When human beings recognize the fundamental solidarity that unites them with all of humanity, they realize that they cannot keep only for themselves the goods that they possess. When one habitually lives in solidarity, the goods that he or she possesses are used not only for one’s own needs, but they multiply themselves, also producing unexpected fruits for others.[38] It is here that we clearly notice how sharing may not be “only the distribution but also the multiplication of goods, the creation of new bread, of new goods, of new Good with a capital “G”.[39]

21. Experience and evidence over the last decades has demonstrated, on the one hand, how naive is the belief in a presumed self-sufficiency of the markets, independent of any ethics, and on the other hand, the compelling necessity of an appropriate regulation that at the same time unites the freedom and protection of every person and operates to create healthy and proper interactions, especially with regards to the more vulnerable.
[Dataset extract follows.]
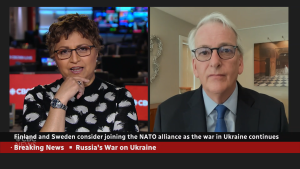 Screenshot of Ivo Daalder on CBC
In this sense, political and economic-financial powers must remain distant and autonomous and at the same time directed, beyond all proximate harms, towards the realization of a good that is basically common, and not reserved only for a few privileged persons.[40]

Such regulation is made even more necessary in view of the fact that among the major reasons for the most recent economic crisis was the immoral behavior of agents in the financial world, where the supranational dimension of the economic system makes it easy to bypass the regulations established by individual countries.

Moreover, the extreme volatility and mobility of capital investments in the financial world permit those who control them to operate smoothly beyond every norm that does not aim at an immediate profit, often blackmailing by a position of strength even legitimate political authority.

Hence, it is clear that the markets are in need of solid and strong bearings, macro-prudential rather than normative, more shared than uniform; there is also need of continuously updated regulations that can respond to market flux. Similar bearings must guarantee a serious control of the quality and reliability of every economic-financial product, especially of those more structured.

In addition, when the velocity of the innovative processes produces excessive systemic risk, the economic operators must accept the obligations and limits that the common good demands, without attempting to bypass or diminish their purpose.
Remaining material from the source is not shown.